▸ Information provided:

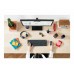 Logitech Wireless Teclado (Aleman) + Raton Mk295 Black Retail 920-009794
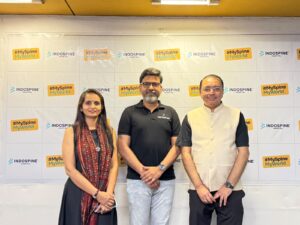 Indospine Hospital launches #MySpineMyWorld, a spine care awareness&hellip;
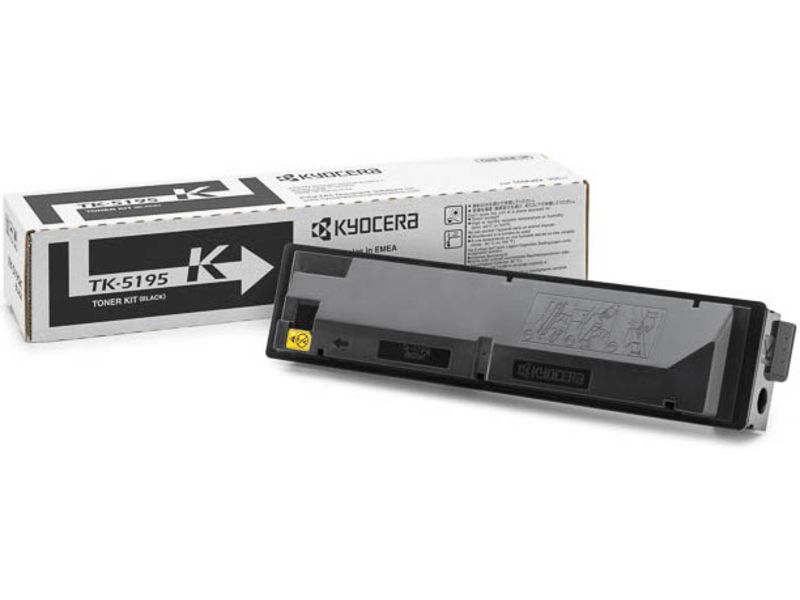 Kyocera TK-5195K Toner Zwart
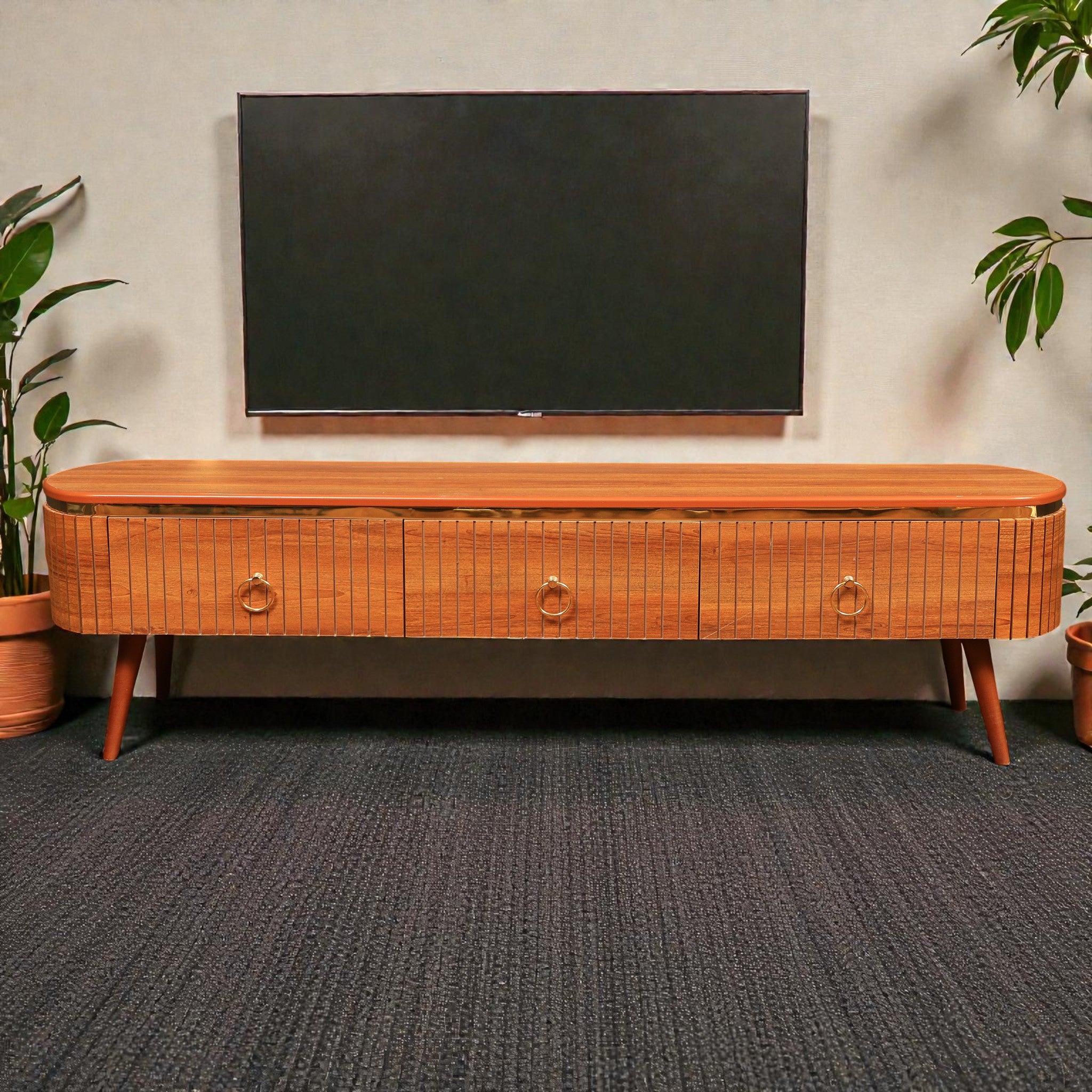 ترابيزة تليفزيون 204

...

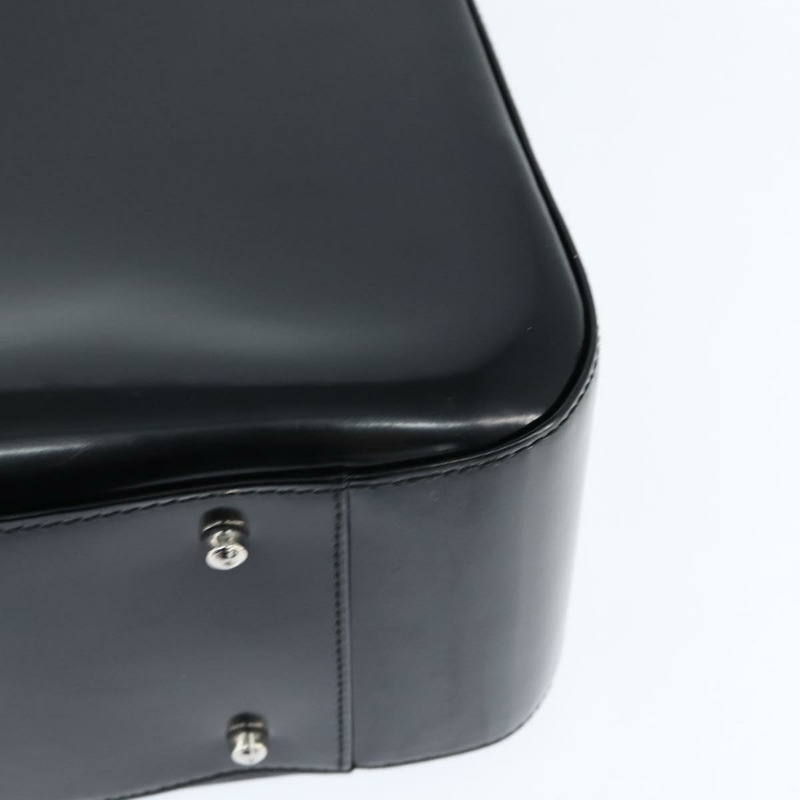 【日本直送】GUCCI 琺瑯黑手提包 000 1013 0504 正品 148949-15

--

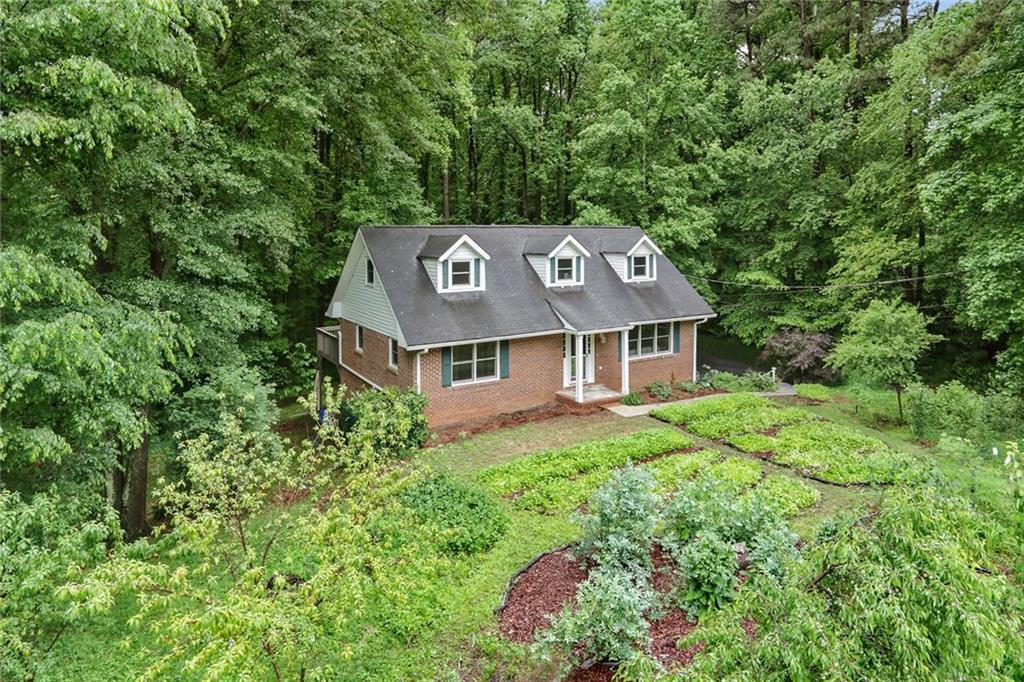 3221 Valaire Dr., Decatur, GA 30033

▸ What this task involves:
Of all the material above, only the lines from the one that has "Logitech Wireless Teclado" down to the one that has "ترابيزة تليفزيون 204" are to be written out, exactly and with both ends included. Pictures are skipped.

▸ Solved problem:
 Logitech Wireless Teclado (Aleman) + Raton Mk295 Black Retail 920-009794
 Indospine Hospital launches #MySpineMyWorld, a spine care awareness&hellip;
 Kyocera TK-5195K Toner Zwart
 ترابيزة تليفزيون 204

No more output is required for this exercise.